La Cour suprême des États-Unis a infligé un revers lundi 26 mai 2026 aux juges de l'immigration qui contestaient les restrictions imposées à leur capacité de s'exprimer sur des questions de politique publique. En donnant raison à l'administration Trump, les juges suprêmes ont annulé une décision d'une cour d'appel fédérale qui avait autorisé le recours à se poursuivre devant un tribunal de district.
L'origine du litige
Un groupe de juges de l'immigration avait intenté une action en justice en 2020 contre une politique gouvernementale limitant leurs déclarations publiques liées à leur travail, affirmant qu'elle violait leurs droits à la liberté d'expression. L'Association nationale des juges de l'immigration estimait que ces restrictions entravaient leur capacité à donner des conférences invitées dans des universités et à s'adresser à des groupes communautaires sur des sujets d'importance publique. Cette question a pris une acuité particulière alors que le président Trump a accru la pression sur le système d'immigration.
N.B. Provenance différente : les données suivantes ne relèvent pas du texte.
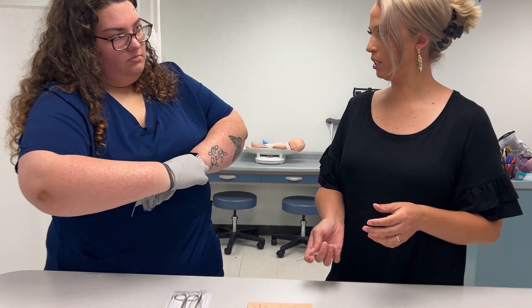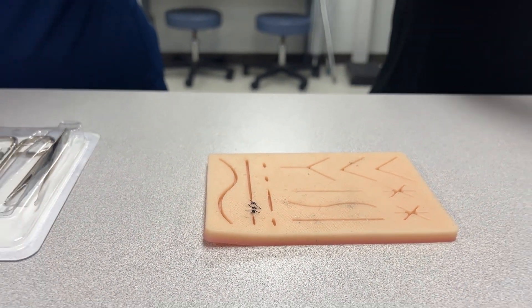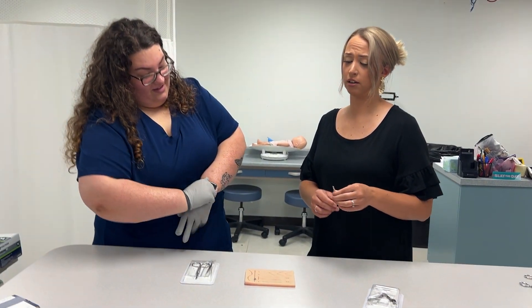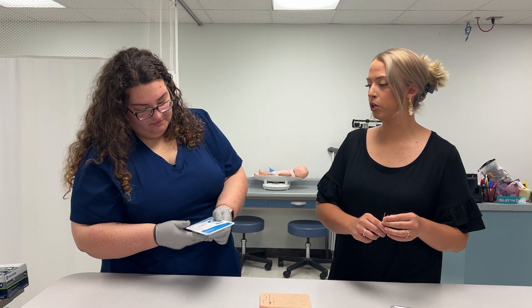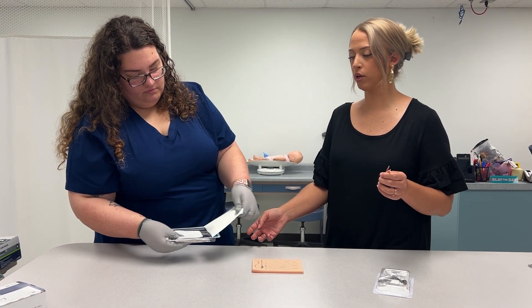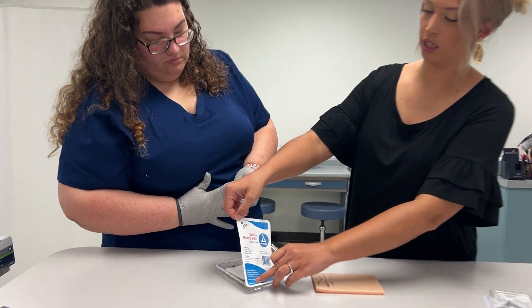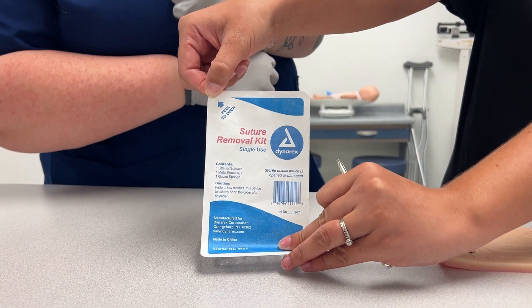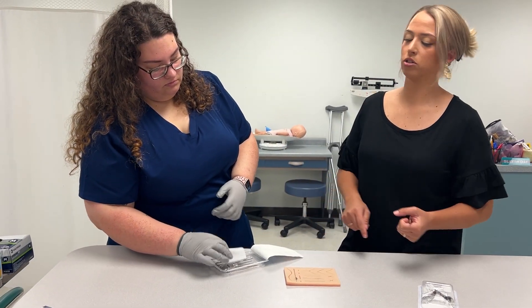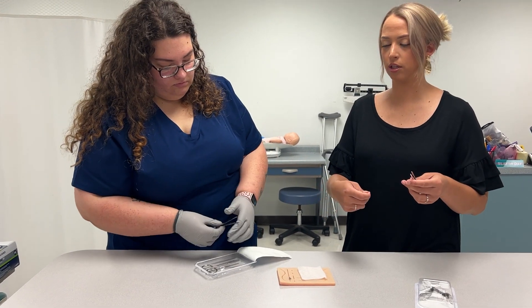Our patient has three stitches today, so Kylie is going to put on her gloves. It's humid in here, so we're going to open up a new package. These are called suture removal kits — they are single use, so you just throw these in the sharps container when you're finished. Go ahead and set your gauze over here; we're going to use the gauze to set our stitches on.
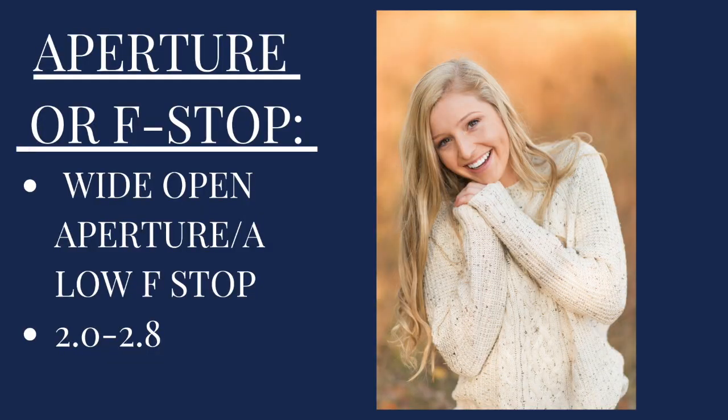So we're going to dive right into it — what do we do for our camera settings at a typical senior photo session? Let's start with aperture or f-stop. We typically like to shoot with a wide open aperture if we can. Most of the time we stick anywhere from 2.0 to 2.8, so we can let a lot of light in and get that blurred image that we really like to see. As you can see here, Olivia looks nice and crisp and clear — there's enough light coming in and there's that nice blur in the background.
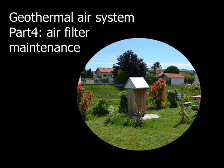One year later, it's time for part 4: the air filter maintenance of our geothermal air system.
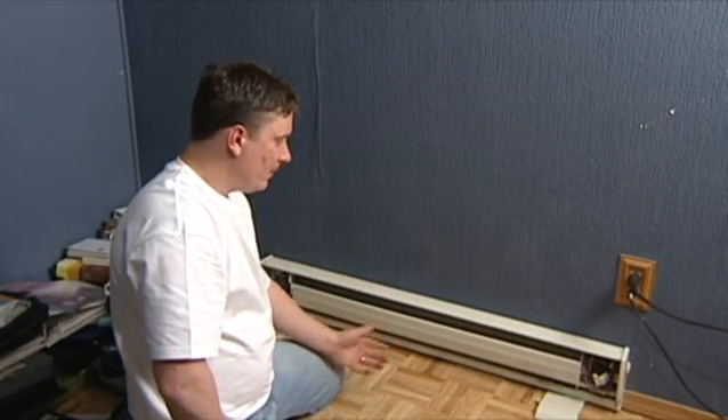Right here we got your basic baseboard heater. This one is a regular 110 volt baseboard heater.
Les juges concernés relèvent d'un système de tribunaux administratifs et prennent des décisions sur les demandes d'asile, les expulsions et d'autres questions connexes. Ils sont placés sous l'autorité de l'Executive Office for Immigration Review, une division du ministère de la Justice.
La question juridique centrale
Le débat juridique dans cette affaire portait sur le lieu approprié pour résoudre ce type de plaintes de fonctionnaires. En temps normal, des organes internes au gouvernement examinent d'abord les réclamations, notamment l'Office of Special Counsel et le Merit Systems Protection Board. Mais M. Trump a licencié les dirigeants de ces deux organismes l'année dernière.
En juin 2025, un panel de trois juges de la Cour d'appel des États-Unis pour le quatrième circuit avait estimé que, parce qu'il n'était pas clair que ces instances indépendantes soient actuellement en mesure de traiter les plaintes des fonctionnaires fédéraux, un tribunal de district devait réexaminer la possibilité pour les juges de l'immigration de plaider leur cause devant des tribunaux fédéraux qui leur seraient autrement fermés initialement.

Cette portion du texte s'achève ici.